Presumably acquired from How of Edinburgh by Sir Stephen Courtauld K.T. (1883-1967), three times great grandson of Augustine Courtauld, given to his nephew in the 1960s
Colin Kenneth Dowman (1920-2010), son of Sir Stephen’s sister Catherine (1878-1972) and her husband Wilfred Harry Dowman (1879-1936), owner of the celebrated tea clipper ‘Cutty Sark’ which was donated to the nation by his widow, and then by descent to Augustine Courtauld’s five times great granddaughter.
The coat-of-arms are those of Tollemache impaling Carteret for Lionel, 4th Earl Dysart K.T. (1708-1770) and his wife Lady Grace Carteret (1713-1755), daughter of 1st Earl Granville, whom he married in 1729. He was made a Knight of the Thistle in 1743.
Artist Biography:
Augustine Courtauld (1685/6-1751)
Augustine Courtauld’s family came to England from France as part of the late 17th century Huguenot exodus. Helen Clifford, in her entry on Courtauld family in The Oxford Dictionary of National Biography, 2004, disproves the traditional tale that he was brought to England by his father as an infant in 1687, concealed in a basket of vegetables. She notes that in reality he remained in France with his grandfather and made the journey almost ten years later. Augustine’s father, also Augustine (1655-1706), was a merchant from St. Pierre in the Île d'Oléron near La Rochelle. He established himself in London and was an active member of the Huguenot community. He secured a potentially prosperous future for his son by apprenticing him to a fellow Huguenot, the goldsmith Simon Pantin, to whom Augustine junior’s half-brother Peter (1689/90–1729) was also apprenticed. Augustine senior died before either son was granted the freedom of the Goldsmiths’ Company, however he was the patriarch of a silversmithing family which went on to include of Augustine junior’s son Samuel (1720–1765) and Samuel’s wife Louisa who managed the business after his early death at the age of forty-five. Their son, Samuel Courtauld II (1752–1821), also followed his father into the trade.
Another of Samuel II and Louisa’s sons, George, was apprenticed to a silk weaver and was the founder of the business which eventually became Courtaulds PLC, now part of Akzo Nobel, whose substantial collection of silver by the Courtauld family is exhibited at the Courtauld Institute in London, much of which was the subject of a privately printed catalogue (Some silver wrought by the Courtauld family of silversmiths, Oxford, 1940), by Ernest Alfred Jones and the art collector and philanthropist Samuel Courtauld, brother of Sir Stephen Courtauld (see above).
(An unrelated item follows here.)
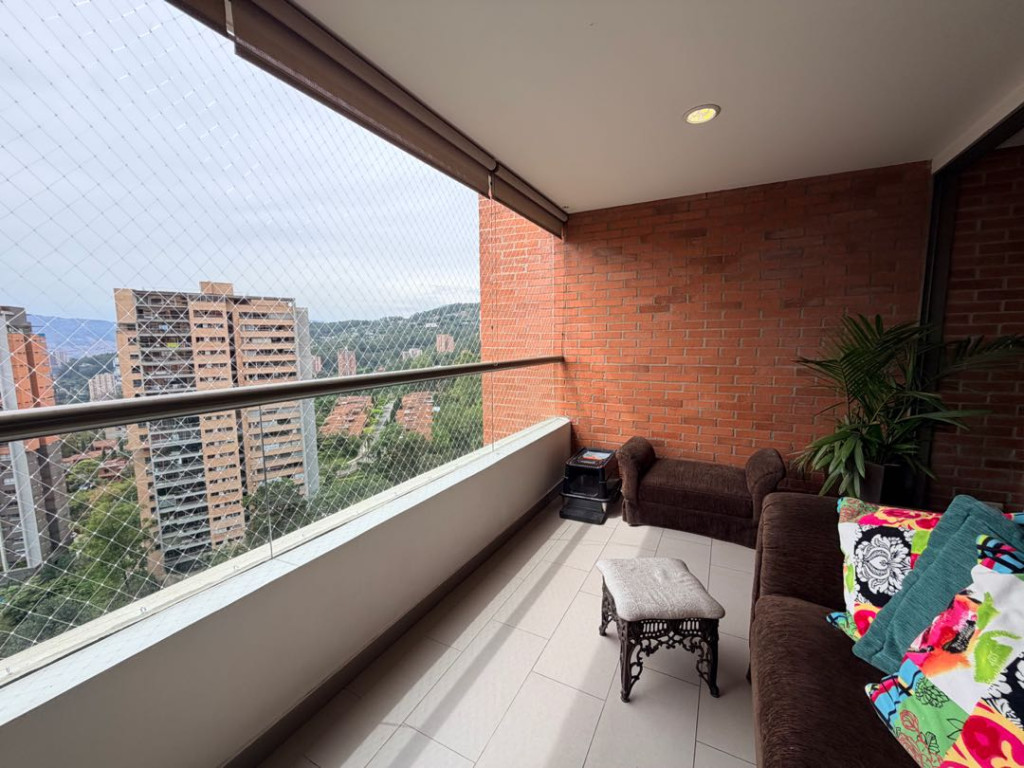Apartamento en venta en La Calera, Medellín · foto 3 de 8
The collection has been recently redisplayed and a new catalogue published – H. Braham, A Century of Silver, The Courtauld Family of Silversmiths, 1710-1780, London, 2014.
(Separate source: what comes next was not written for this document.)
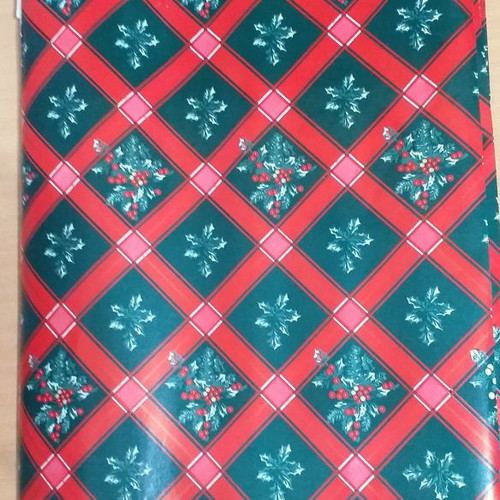 Christmas wrapping paper new, pack of 28 sheets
Under the tutelage of his master, Augustine Courtauld perfected the art of crafting pieces of characteristically heavy gauge and fine quality. Much of this work was smaller domestic pieces perhaps in contrast to the commissions for large decorative pieces executed by fellow Huguenot silversmiths such as David Willaume, Paul de Lamerie and Pierre Harache. He produced many fine two-handled cups, vessels for tea, coffee and chocolate and decoratively bordered trays and salvers. Amongst the small number of highly ambitious works was a silver table, constituent part of toilets services and a centrepiece made for the Russian court. He made a comfortable living, so much so that he was able to invest in the East India Company, accumulate property and sit for a portrait by the Swedish born painter and follower of Michael Dahl Hans Hysing (1678–1753).